Вместе с тем полной слепотой мы все-таки не страдали и вне своих идеологических вывертов видели происходящее весьма отчетливо:
"Сущность советского монокапитализма определилась довольно быстро. Фиктивность демократизма стала бесспорной. Государством обеспечивается в основном тот круг, который служит ему защитой: высшее офицерство, высшая бюрократия, командиры промышленности и хозяйства, - причем обеспечивается не по труду, а по занимаемой должности".
Заметим, что сама должность зависит прежде всего от лояльности к политике диктатуры - ранее мы об этом упоминали.
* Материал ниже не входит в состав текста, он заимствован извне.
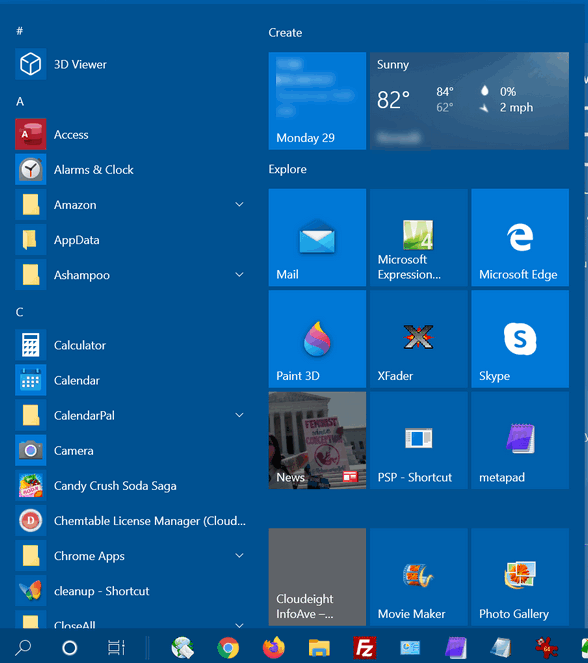 Slim down the Windows 10 Start menu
"Независимость благосостояния руководителей от объективных результатов труда создает "боковую" инициативу в приобретении жизненных благ: жажда обогащения и привилегий превращает "аристократию приказчиков" в касту, девизом которой становится правило "услуга за услугу" - неписаный и непреложный закон советского производства и потребления".
Напомним, что "производство" - это для нас, в данном контексте, все: и производство любых продуктов труда, и услуги, и то, что спустя двадцать лет мы назвали бы производством информации. Конечно же, о способах и возможностях оплаты "по труду" всех этих не поддающихся и поддающихся прямому учету видов деятельности мы не имели ни малейшего представления. О процессах демократической саморегуляции такой оплаты - тем более. В критической части своих построений мы, как, впрочем, и все утописты, могли попасть в яблочко. В сфере же альтернатив, рецептов, конструкций и т. п. довлело всему ленинское "просто, как все великое".